The ETSC is a Brussels-based independent non-profit making group dedicated to cutting transport-related accidents. Its 40-plus members – mostly universities, road safety institutes, campaigning NGOs – work to help shape EU legislation and raise awareness about how to improve road safety. Townsend says the challenge is to make sure the EU remains focused on the most effective road safety measures. “It is important to look at the real causes of death and then see where the EU can actually do something,” she says. “The main causes are: alcohol and drugs, not using a seatbelt, and not properly using child safety restraints.”

These issues have been said many times before, but they need repeating, Townsend says. The balance also needs to be right to ensure the maximum effect. “One of the Commission recommendations in 2003 was linking enforcement with campaigning,” she says. “There were TV spots and posters saying there will be a lot of checks over the next few weeks. The measure showed that it was not about catching someone out, it’s about preventing them from breaking the law.”

Townsend says that laws are slowly improving. For example, when it comes to alcohol, there is an EU recommendation for 0.05% Blood Alcohol Content (BAC) for everybody, or 0.02% for a novice or commercial driver. Now, only three countries left with 0.08% - UK, Ireland and Malta – but Townsend expect them to change soon.

At the same time, she says people still drink drive too much and too easily. “Some people, who even know I work in road safety, will go out and at 1.30am say, ‘Now how do we get home?’

Seatbelts are another ETSC priority, Townsend says, pointing to statistics showing that most deaths are with those who don’t wear them. “People say, ‘I’m a safe driver’, and get offended if I put on a seatbelt. But it is not just about you but the whole environment and all the unknowns,” she says.

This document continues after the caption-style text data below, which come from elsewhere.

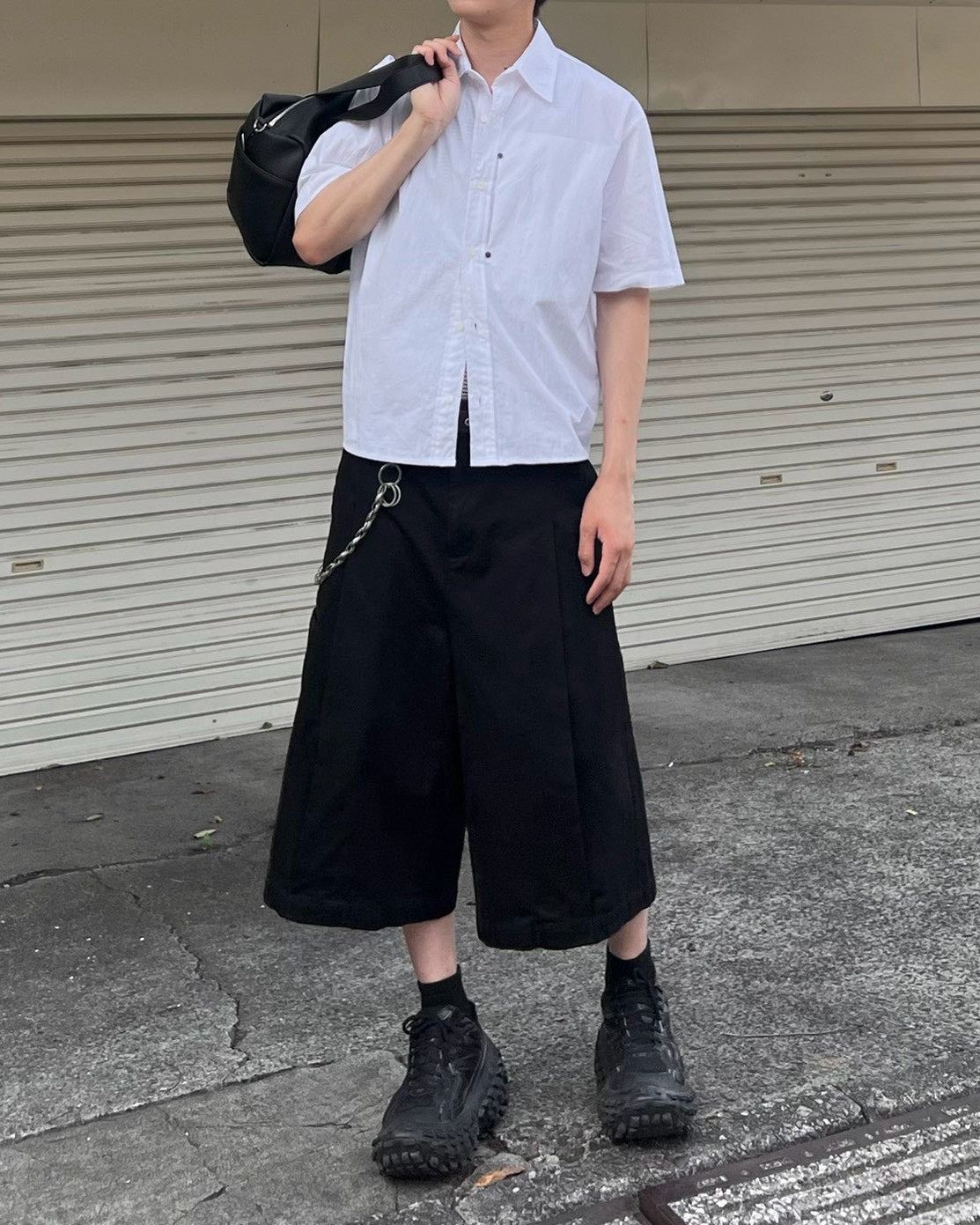 受注制【Chikashitsu +】cropped rivet shirt (3color)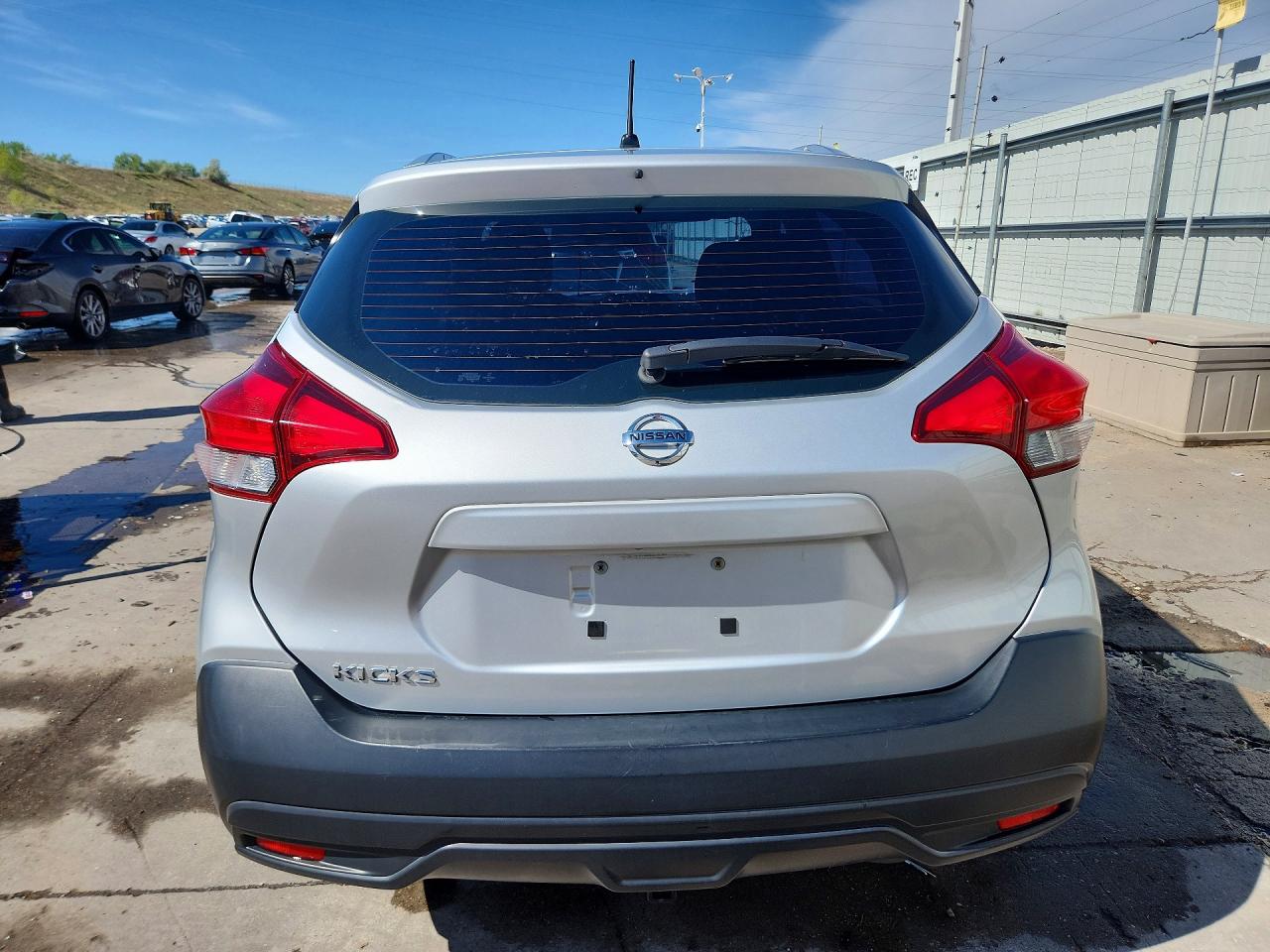 2019 NISSAN KICKS S photo 11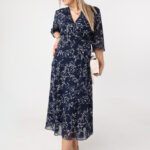 Lekka-sukienka-plus-size-szyfonowa-w-malarskie-wzory-granatowo-biała 44-56 (1)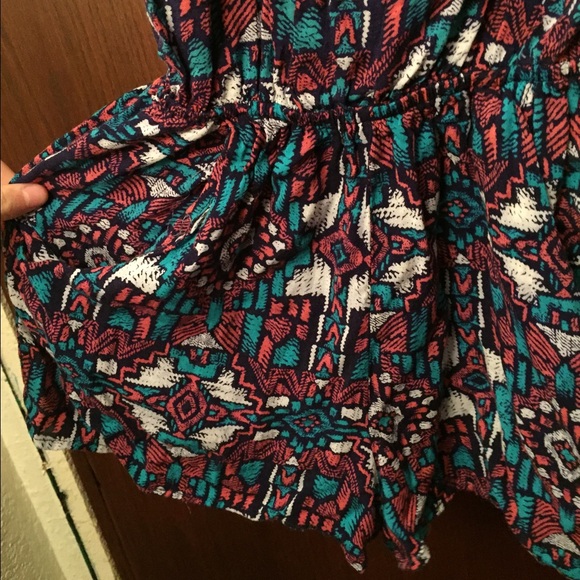 Aztec print romper - Picture 3 of 4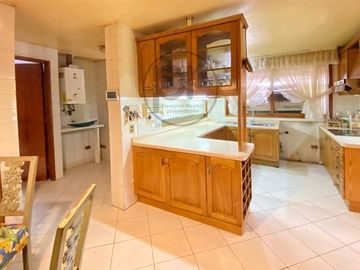 Venta casa Quinchamalí, 3 Dorm. en suite, servicio, estar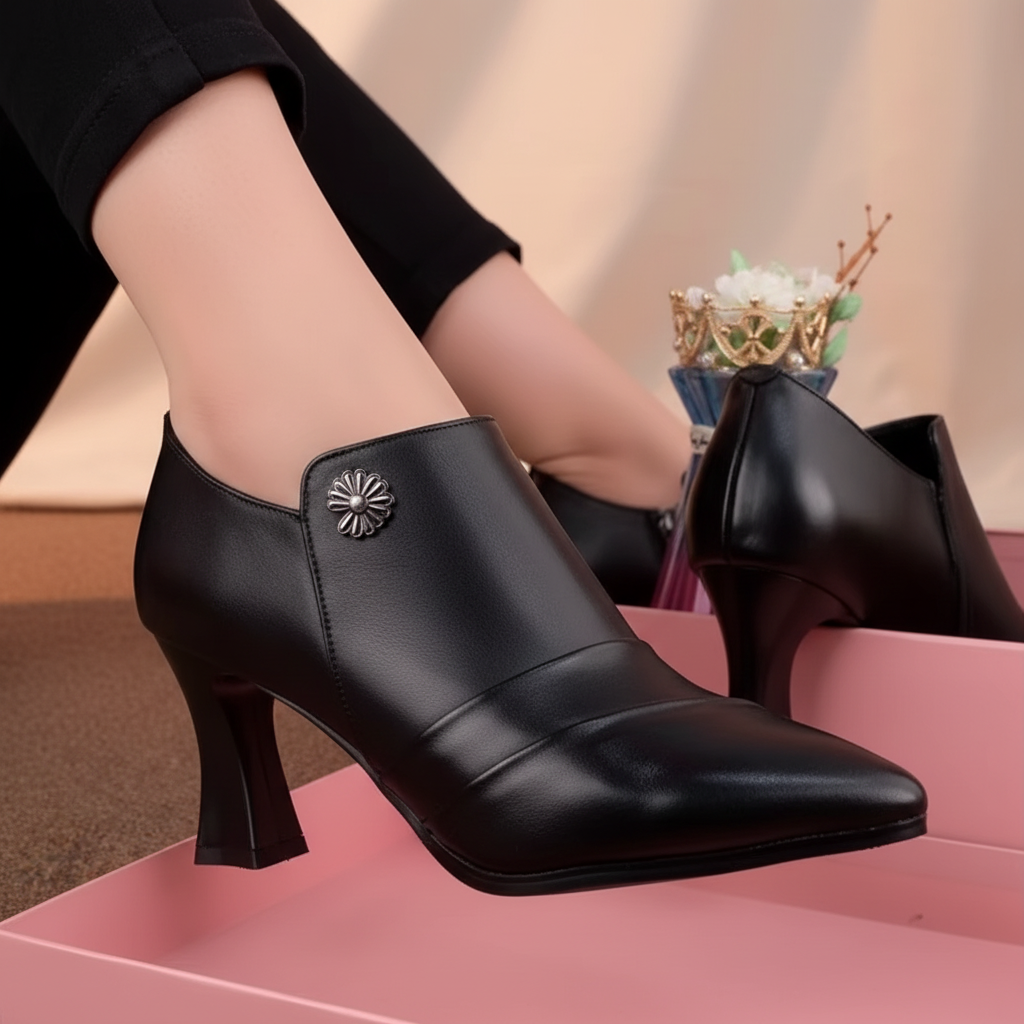 Ankle Boot Valentina Noir — detalhe metálico floral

Townsend also puts faith in technology to help cut road accidents. One is the alcohol interlock, or alcolock, a device that will lock the ignition when it detects high alcohol levels. “Alcolocks are brilliant,” Townsend says. “We’d like to see them rolled out first for commercial vehicles. And there are already being used in the context of rehabilitation: laws are now ready that involve offering convicted drivers the option of having alcolocks installed in their vehicles.

She is keen on a technology called Intelligent Speed Adaptation (ISA), a system that implements an action when a vehicle is detected to be exceeding the speed limit. “When you go past a sign, it can give you feedback on your speed limit,” Townsend says. “In the most basic level, it is voluntary, telling you, for example, that you are going 40kmh in a 30kmh zone. A more radical one will make it harder on the accelerator if you try to go faster than the speed limit. And the strongest ISA is when it won’t allow you to accelerate. But all have an override function if you are in an emergency.

Townsend says transport safety also involves thinking of pedestrians, who are vulnerable road users and make up between a third and 40% of all road fatalities. “Cycling and walking are relatively dangerous in road safety terms. The EU can help them by promoting safe routes, to school for example, and by encouraging reflective vests,” she says.